The bridge linking Crimea with Russia is damaged by fire after an explosion.
Crimea’s Kerch Strait Bridge holds deep strategic, and symbolic, value.
The Crimea bridge explosion prompts calls for revenge from Russian hard-liners.
Kharkiv is hit with overnight explosions.
Russian shelling has again forced the Zaporizhzhia nuclear plant offline, Ukrainian officials say.
A mass grave and a separate burial site with nearly 200 bodies are discovered in Lyman.
The I.M.F. said $1.3 billion in emergency funding for Ukraine had been approved by its board.
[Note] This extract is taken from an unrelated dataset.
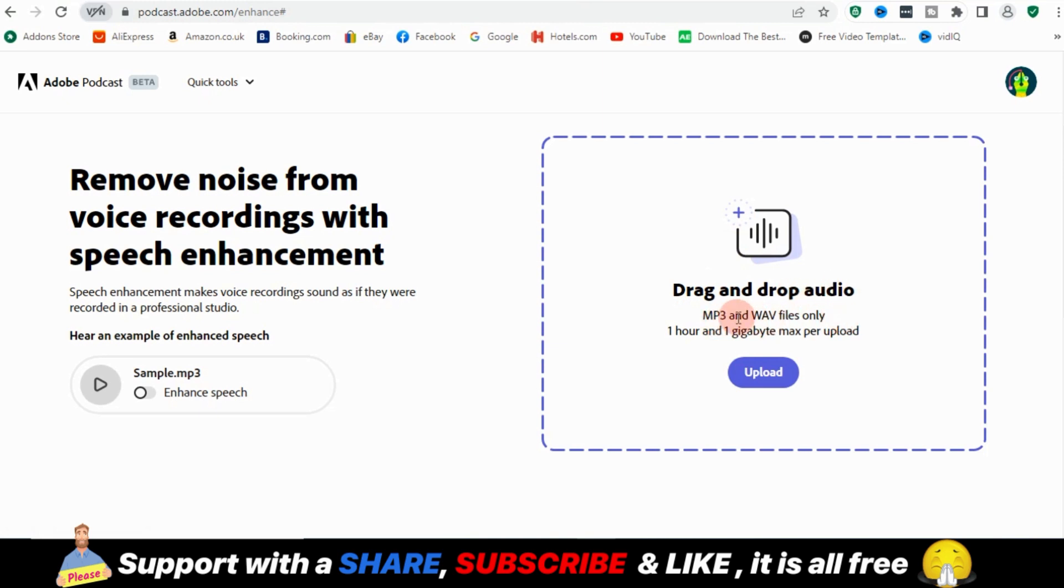Just so you know, the only files that are supported are MP3 and WAV files. So you can't import your video here. It only deals with audio.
KRYVYI RIH, Ukraine — An explosion tore through the sole bridge linking the Russian-occupied Crimean Peninsula to Russia, collapsing a part of the span into the sea and imperiling a primary supply route for Russian troops fighting in the south of Ukraine.
The 12-mile-long Kerch Strait Bridge is a cherished political project of President Vladimir V. Putin and had become a potent symbol of the claims that Mr. Putin makes to the peninsula, which his forces illegally seized from Ukraine in 2014. Mr. Putin presided over the opening of the bridge in 2018, personally driving a truck across.
The extent of the damage was difficult to immediately assess, though any impediment to traffic on the bridge could have a profound effect on Russia’s ability to wage war in southern Ukraine. Videos showed the railroad burning and two of four lanes of roadway collapsed into the Black Sea, where waves lapped the asphalt.
The Russian Railways company said all trains to and from Crimea have been temporarily canceled, the state news agency Tass reported.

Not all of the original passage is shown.